Note: nest_by() does not return a rowwise tidytable.
Usage
nest_by(.df, ..., .key = "data", .keep = FALSE)
Arguments
.df
A data.frame or data.table
...
Columns to group by. If empty nests the entire data.table.
tidyselect compatible.
.key
Name of the new column created by nesting.
.keep
Should the grouping columns be kept in the list column.
Examples
df <- data.table(
a = 1:5,
b = 6:10,
c = c(rep("a", 3), rep("b", 2)),
d = c(rep("a", 3), rep("b", 2))
)
df %>%
nest_by()
df %>%
nest_by(c, d)
df %>%
nest_by(where(is.character))
df %>%
nest_by(c, d, .keep = TRUE)
Nest join
Description
Join the data from y as a list column onto x.
Usage
nest_join(x, y, by = NULL, keep = FALSE, name = NULL, ...)
Arguments
x
A data.frame or data.table
y
A data.frame or data.table
by
A character vector of variables to join by. If NULL, the default, the join will do a natural join, using all variables with common names across the two tables.
keep
Should the join keys from both x and y be preserved in the output?
name
The name of the list-column created by the join. If NULL the name of y is used.
...
Other parameters passed on to methods
Examples
df1 <- tidytable(x = 1:3)
df2 <- tidytable(x = c(2, 3, 3), y = c("a", "b", "c"))

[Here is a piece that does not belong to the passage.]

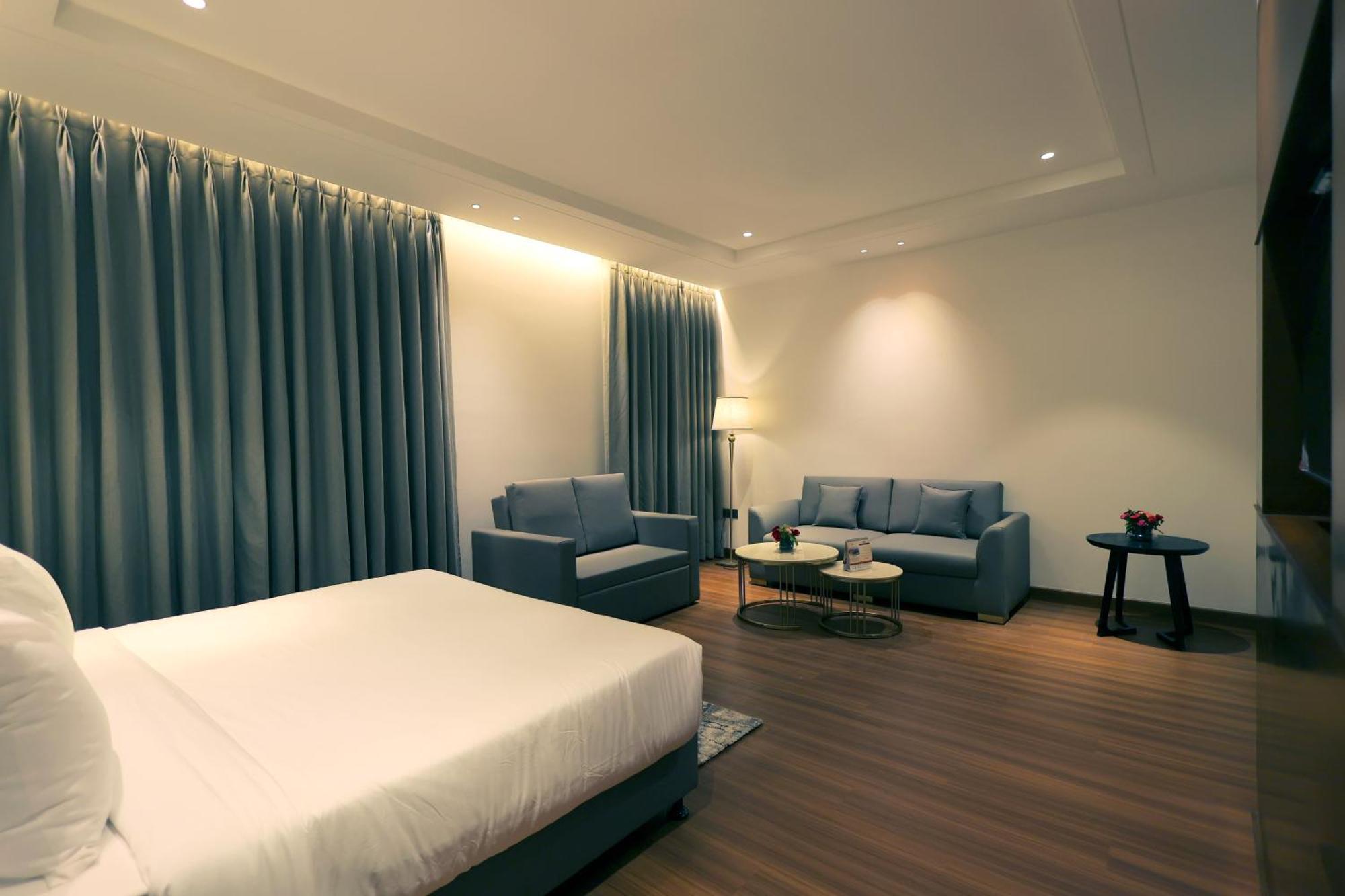 Hotel Pride Elite Haridwār Esterno foto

out <- nest_join(df1, df2)
out
out$df2
Create a tidytable from a list
Description
Create a tidytable from a list
Usage
new_tidytable(x = list())
Arguments
x
A named list of equal-length vectors. The lengths are not checked; it is the responsibility of the caller to make sure they are equal.
Examples
l <- list(x = 1:3, y = c("a", "a", "b"))
new_tidytable(l)
Selection version of across()
Description
Select a subset of columns from within functions like mutate(), summarize(), or filter().
Usage
pick(...)
Arguments
...
Columns to select. Tidyselect compatible.
Examples
df <- tidytable(
x = 1:3,
y = 4:6,
z = c("a", "a", "b")
)
df %>%
mutate(row_sum = rowSums(pick(x, y)))
Pivot data from wide to long
Description
pivot_longer() "lengthens" the data, increasing the number of rows and decreasing
the number of columns.
Usage
pivot_longer(
.df,
cols = everything(),
names_to = "name",
values_to = "value",
names_prefix = NULL,
names_sep = NULL,
names_pattern = NULL,
names_ptypes = NULL,
names_transform = NULL,
names_repair = "check_unique",
values_drop_na = FALSE,
values_ptypes = NULL,
values_transform = NULL,
fast_pivot = FALSE,
...
)
Arguments
.df
A data.table or data.frame
cols
Columns to pivot. tidyselect compatible.
names_to
Name of the new "names" column. Must be a string.
values_to
Name of the new "values" column. Must be a string.
names_prefix
Remove matching text from the start of selected columns using regex.
names_sep
If names_to contains multiple values, names_sep takes
the same specification as separate().
names_pattern
If names_to contains multiple values, names_pattern takes
the same specification as extract(), a regular expression containing matching groups.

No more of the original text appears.